═══ INFORMATION

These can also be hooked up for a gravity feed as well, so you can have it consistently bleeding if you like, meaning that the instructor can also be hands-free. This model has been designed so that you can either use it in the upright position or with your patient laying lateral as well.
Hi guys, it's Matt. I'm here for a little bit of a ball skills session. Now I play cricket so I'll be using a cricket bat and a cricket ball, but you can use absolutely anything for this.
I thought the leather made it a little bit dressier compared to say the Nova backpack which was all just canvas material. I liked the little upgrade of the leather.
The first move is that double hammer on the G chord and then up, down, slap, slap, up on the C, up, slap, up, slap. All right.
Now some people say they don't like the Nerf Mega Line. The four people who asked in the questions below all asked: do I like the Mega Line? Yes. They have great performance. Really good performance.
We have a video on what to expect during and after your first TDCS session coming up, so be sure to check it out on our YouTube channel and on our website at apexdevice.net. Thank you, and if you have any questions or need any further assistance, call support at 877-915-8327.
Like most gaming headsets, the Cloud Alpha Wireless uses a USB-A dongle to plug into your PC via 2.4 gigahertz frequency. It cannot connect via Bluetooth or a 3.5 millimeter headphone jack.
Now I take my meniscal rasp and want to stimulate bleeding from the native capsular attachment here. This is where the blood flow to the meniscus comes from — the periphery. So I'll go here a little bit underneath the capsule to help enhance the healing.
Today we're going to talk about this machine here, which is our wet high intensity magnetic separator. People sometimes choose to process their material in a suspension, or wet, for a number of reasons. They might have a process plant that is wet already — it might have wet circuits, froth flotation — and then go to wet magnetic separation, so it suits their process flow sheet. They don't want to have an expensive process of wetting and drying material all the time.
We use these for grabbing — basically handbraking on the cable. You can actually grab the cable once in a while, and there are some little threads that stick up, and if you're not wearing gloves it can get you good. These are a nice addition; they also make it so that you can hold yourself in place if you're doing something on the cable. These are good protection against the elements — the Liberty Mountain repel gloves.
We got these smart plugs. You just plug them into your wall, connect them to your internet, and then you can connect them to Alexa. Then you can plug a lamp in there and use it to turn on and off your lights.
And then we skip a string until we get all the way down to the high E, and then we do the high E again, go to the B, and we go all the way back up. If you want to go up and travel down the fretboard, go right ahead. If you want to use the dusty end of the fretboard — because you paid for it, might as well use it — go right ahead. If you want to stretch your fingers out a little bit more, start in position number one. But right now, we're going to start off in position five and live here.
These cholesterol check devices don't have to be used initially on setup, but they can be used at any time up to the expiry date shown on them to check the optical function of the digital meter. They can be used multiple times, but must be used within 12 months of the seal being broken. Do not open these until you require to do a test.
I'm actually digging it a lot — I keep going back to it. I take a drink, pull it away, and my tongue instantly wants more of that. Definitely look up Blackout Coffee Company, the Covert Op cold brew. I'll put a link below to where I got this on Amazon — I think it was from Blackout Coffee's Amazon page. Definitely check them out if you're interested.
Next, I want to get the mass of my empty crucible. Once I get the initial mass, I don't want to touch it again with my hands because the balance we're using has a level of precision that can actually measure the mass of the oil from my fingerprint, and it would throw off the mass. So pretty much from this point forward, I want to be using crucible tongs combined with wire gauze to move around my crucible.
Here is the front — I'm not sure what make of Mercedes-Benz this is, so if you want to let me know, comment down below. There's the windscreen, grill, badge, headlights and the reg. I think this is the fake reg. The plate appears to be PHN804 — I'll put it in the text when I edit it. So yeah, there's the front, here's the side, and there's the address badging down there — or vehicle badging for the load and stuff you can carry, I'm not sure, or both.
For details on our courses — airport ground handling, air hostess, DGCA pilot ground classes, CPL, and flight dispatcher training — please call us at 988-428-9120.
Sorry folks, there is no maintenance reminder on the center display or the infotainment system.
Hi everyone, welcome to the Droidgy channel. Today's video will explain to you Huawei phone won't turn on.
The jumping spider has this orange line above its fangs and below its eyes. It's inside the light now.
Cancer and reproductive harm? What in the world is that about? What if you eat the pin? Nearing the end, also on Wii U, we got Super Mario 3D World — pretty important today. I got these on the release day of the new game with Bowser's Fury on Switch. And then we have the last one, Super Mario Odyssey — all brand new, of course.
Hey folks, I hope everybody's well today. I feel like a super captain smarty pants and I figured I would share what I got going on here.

══════

YOUR TASK: Start at the first line of the material. Reproduce every line exactly, ending with the line that holds "We have a video".

OUTPUT FOR THIS EXERCISE:
These can also be hooked up for a gravity feed as well, so you can have it consistently bleeding if you like, meaning that the instructor can also be hands-free. This model has been designed so that you can either use it in the upright position or with your patient laying lateral as well.
Hi guys, it's Matt. I'm here for a little bit of a ball skills session. Now I play cricket so I'll be using a cricket bat and a cricket ball, but you can use absolutely anything for this.
I thought the leather made it a little bit dressier compared to say the Nova backpack which was all just canvas material. I liked the little upgrade of the leather.
The first move is that double hammer on the G chord and then up, down, slap, slap, up on the C, up, slap, up, slap. All right.
Now some people say they don't like the Nerf Mega Line. The four people who asked in the questions below all asked: do I like the Mega Line? Yes. They have great performance. Really good performance.
We have a video on what to expect during and after your first TDCS session coming up, so be sure to check it out on our YouTube channel and on our website at apexdevice.net. Thank you, and if you have any questions or need any further assistance, call support at 877-915-8327.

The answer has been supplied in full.